Term 2 is a brutal, ferocious term. This year it was 11 weeks long, but it doesn’t matter how long it is – it always feels at least two weeks longer than I can possibly manage. It is the term where people tend to lose perspective and say and do things they quickly regret. It’s a long, wintry term that gets darker and darker, both inside and out. It feels as though it should end with exams and reports, but No! There’s a whole two weeks of semester 2 to get through before we make it out the other side to collapse into a bed that it will take us at least two weeks to scrape ourselves out of again. If we’re lucky.
Every so often, as I hit the rock bottom of term 2, a student will say something so generously uplifting that it feels like the sun coming out after a week of drizzly Melbourne rain. So encouraging that I bask in their warmth. A line in an email, a bit of heartfelt praise during a yard duty chat, or an unexpectedly positive response on a feedback survey can be the difference between ending term 2 in pieces, or stumbling over the line intact. There’s no knowing when these bonus rainbows will appear. They can’t be conjured at will, or produced on demand. A couple of years ago it dawned on me that these comments were so precious I should frame them. So I began to hug them to myself in my “Positive Feedback File.”
Not for sharing, this file is my personal anti-depressant. It’s my bad day ambulance. My fire truck when my world is going down in flames. My “always available” hug when real hugs are few and far between.

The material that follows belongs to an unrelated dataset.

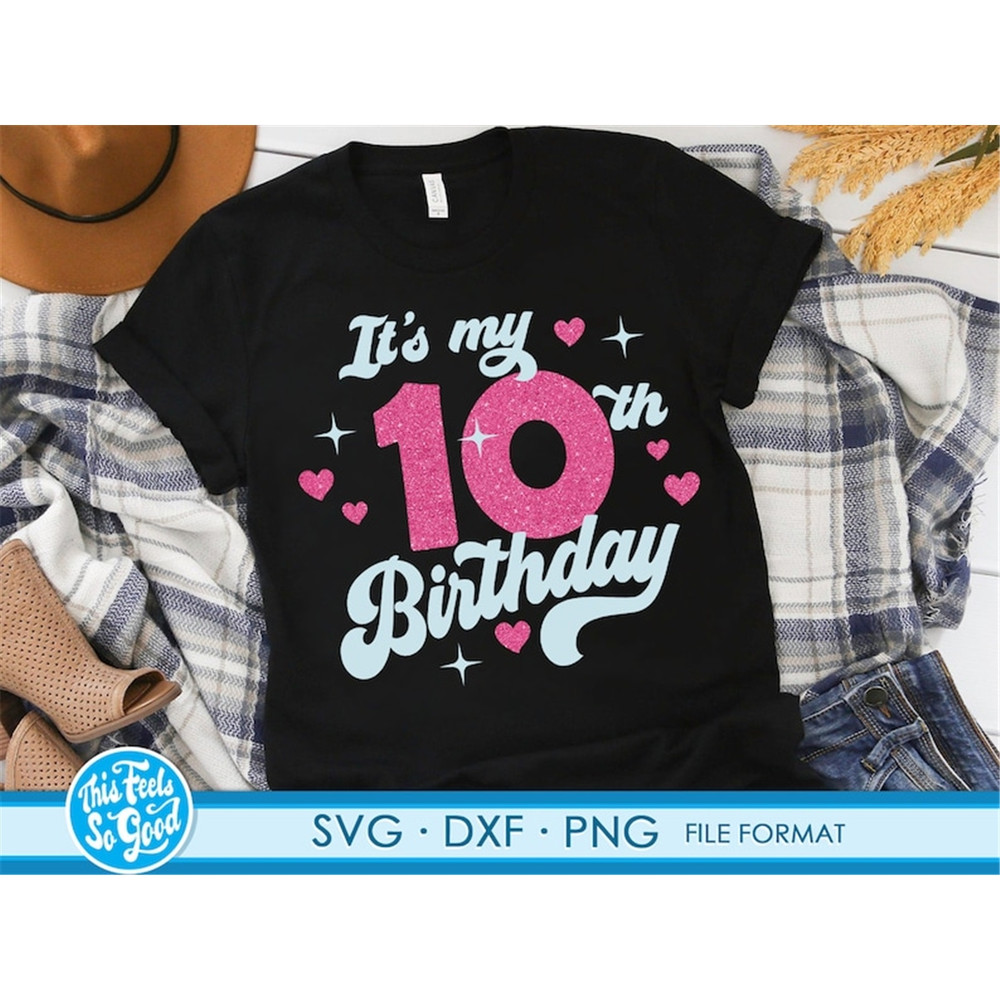 MR-318202395243-cute-turning-10-years-old-svg-10th-birthday-svg-files-for-image-1.jpg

Everything goes in there. From the email saying “You are amazing by the way,” To the parent who said “I just had to come and meet the person who inspires my daughter so much.” From the buoyant comments about my subject at the end of the year, to the heartfelt statement,”Your subject was the best thing I ever did,” years later during a Facebook chat.
There’s something incredibly powerful about being able to re-read this stuff on the really tough days. I can’t rely on receiving feedback like that right when I need it, so keeping a record of it for my own private pick-me-up makes a lot of sense. Yet recently I was chatting with a psychologist friend, and he was surprised to hear about my feedback file. “You’re the only other person I’ve ever heard of who does that!” he exclaimed. It turns out he has a feedback file too. Being a counsellor, his tough days can be extraordinarily tough. We all have moments when we doubt ourselves, or wonder if we’re really making a difference. Or when organisational politics becomes overwhelming, and we can’t help but ask whether it’s really worth it. Lifting ourselves out of these slumps can be a real challenge.
My feedback file is like a photo album of my best efforts. An abiding memory bank full of the moments when I knew it was all worthwhile. A reminder that, whatever today looks like, tomorrow has real potential, and yesterday really rocked. Even if you can only paraphrase the comment or roughly describe the moment, storing it away can make it a powerfully life-affirming treasure, instead of a transient source of warmth. I can’t help thinking it should be the number 1 tip in any teaching degree, and perhaps for life in general. Save those moments. They will save you.